### ABOUT THIS TASK
Before you return the lines below, strip out any images and keep every word as written.

### RECORDED DATA

---+---

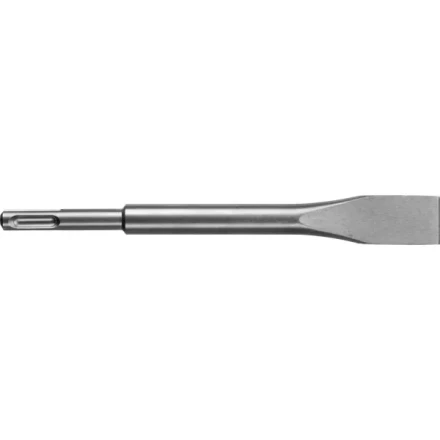 СИБИН SDS-plus Зубило плоское 20 x 200 мм 29242-20 купить в Надыме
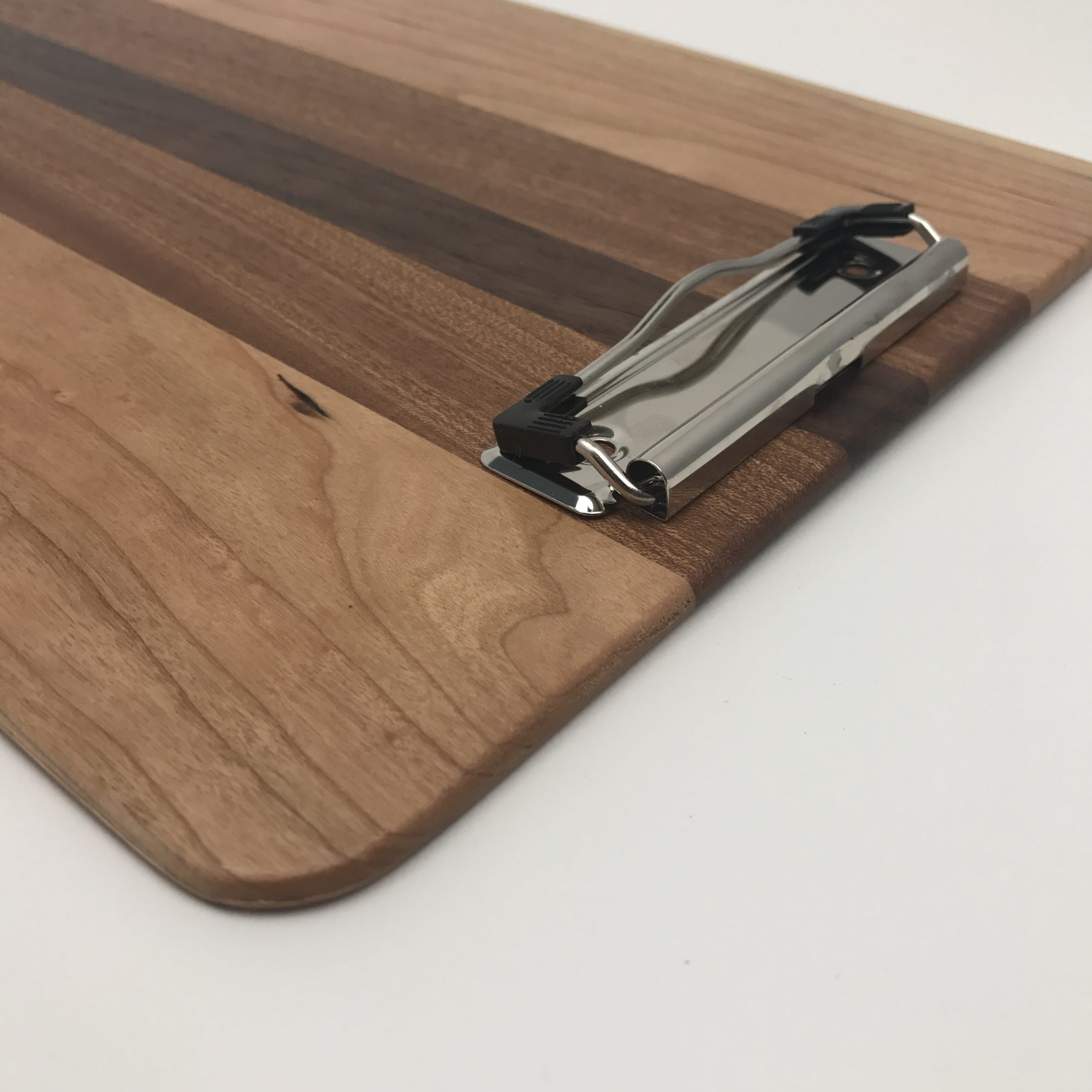 Back When We Were WOOD TECH’R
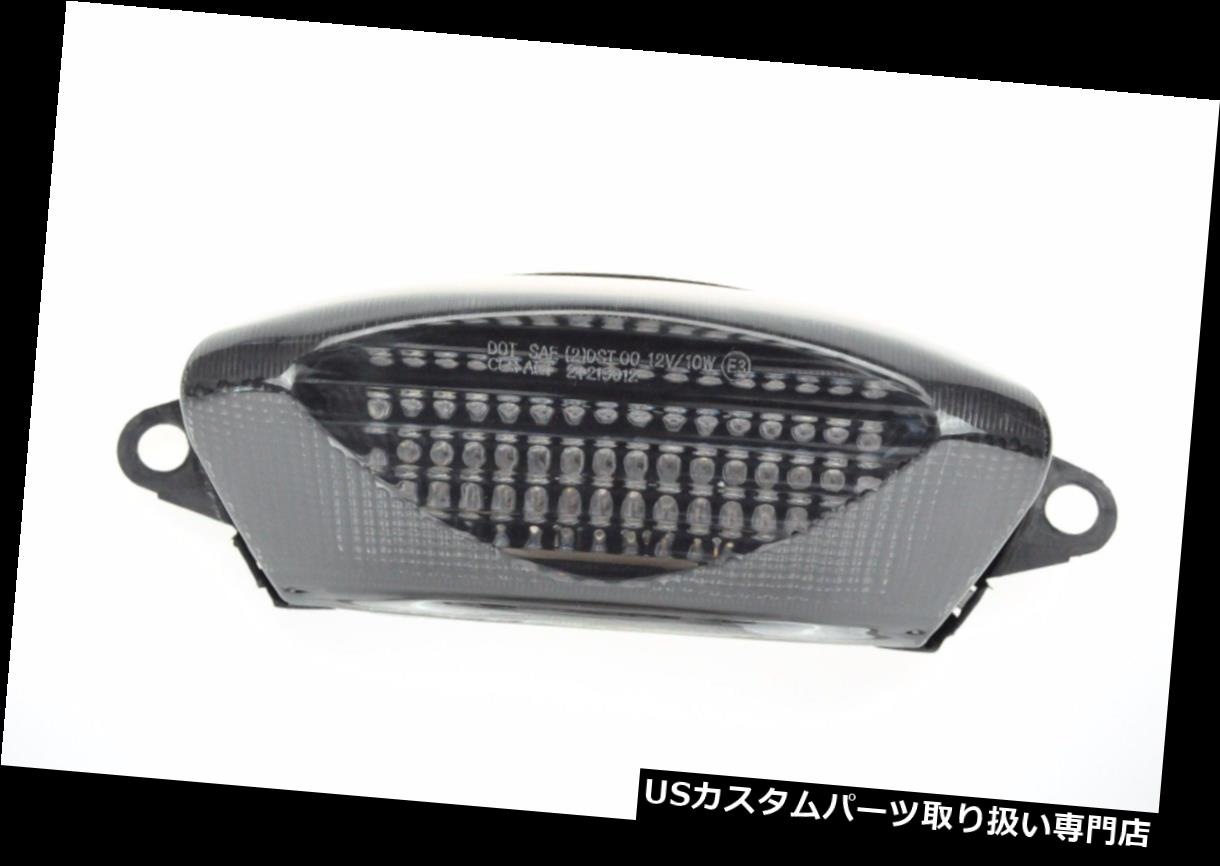USテールライト グレー％20ブレーキ％20テール％20ライト％20LED％20With％20Turn％20Signal％20For％20Honda％20CB％20599％2F919、CB900％2F％3Cwbr％3E％3C％2Fwbr％3E600％20HORNET Grey Brake Tail Light LED With Turn Signal for Honda CB 599/919,CB 【並行輸入品】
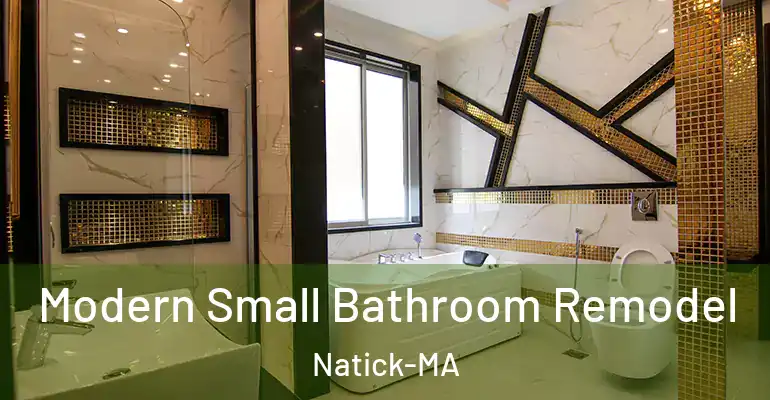 inner Bathroom imggen Modern Small Bathroom Remodel Natick-MA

---+---

### ANSWER TO THIS PROBLEM
 СИБИН SDS-plus Зубило плоское 20 x 200 мм 29242-20 купить в Надыме
 Back When We Were WOOD TECH’R
USテールライト グレー％20ブレーキ％20テール％20ライト％20LED％20With％20Turn％20Signal％20For％20Honda％20CB％20599％2F919、CB900％2F％3Cwbr％3E％3C％2Fwbr％3E600％20HORNET Grey Brake Tail Light LED With Turn Signal for Honda CB 599/919,CB 【並行輸入品】
 inner Bathroom imggen Modern Small Bathroom Remodel Natick-MA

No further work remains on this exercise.